Tandis que les yeux rivés au scialytique, je bandais mon corps contre l’énervement de la roulette,  je me suis demandé, une fois de plus, pourquoi aucun de ces journaleux appointés au service public ne parlait jamais de tous ces gens ordinaires qui font des choses extraordinaires. Il est sans doute plus facile et certainement plus rentable de les ignorer ! Leur rareté est leur qualité et leur difficulté, ceci expliquant cela… peut-être… Je me suis demandé dans la foulée pourquoi moi-même, je n’en étais pas une chercheuse d’or impénitente, sinon évasive, au petit bonheur de la rencontre, comme celle que j’avais faite le matin même dans un petit village, enfoui dans une vallée humide et froide de la Montagne Noire, toute ébréchée de tanneries éventrées qui témoignent intensément d’une activité humaine suicidée.

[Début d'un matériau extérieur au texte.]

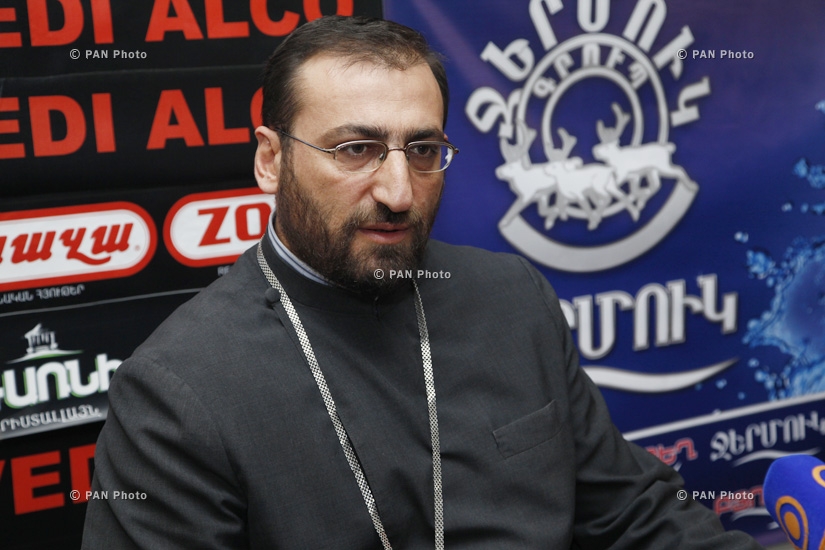 Пресс-конференция архиепископа Аршака Хачатряна 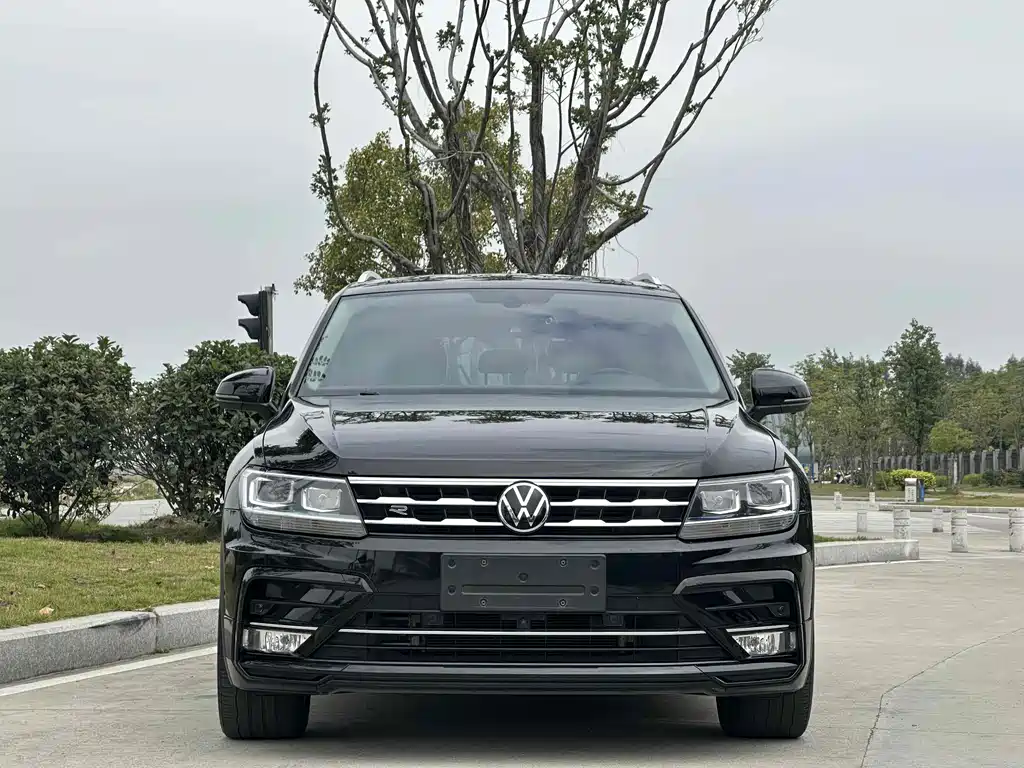 Volkswagen Tiguan L 2020 — фото 2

Un atelier, minuscule, planqué dans un patelin cul de sac, Hautpoul, où culmine une quinzaine d’habitants, veillés par les ruines fantomatiques d’un château cathare plongeant dans un abîme verdoyant qui berce en contrebas Mazamet à qui le village, chassé et assiégé par Simon de Montfort, donna naissance au XIIéme siècle, était aussi bordélique que l’homme, Philippe Raymond, semblait minutieux. La soixantaine cassée par vingt ans de tropiques, de bonne chair, celle que l’on mange et celle que l’on caresse, se foutant comme de l’an quarante de ce que lui disent l’époque et le temps, indiscipliné par amour de la vie et par celui de l’inutile, ses mains battoirs façonnées par un long travail de forestier s’affairaient avec délicatesse sur une minuscule marqueterie sous le regard attentif de ses deux yeux vissés au cul d’une loupe. Sur les étagères, en piles précaires, des feuilles de bois poussiéreuses qui étaient autant de pages tournées de sa vie, dont il n’avoue rien, si ce n’est quelques mots : forestier, vingt ans en Guyane, artisan marqueteur autodidacte et généreux pédagogue.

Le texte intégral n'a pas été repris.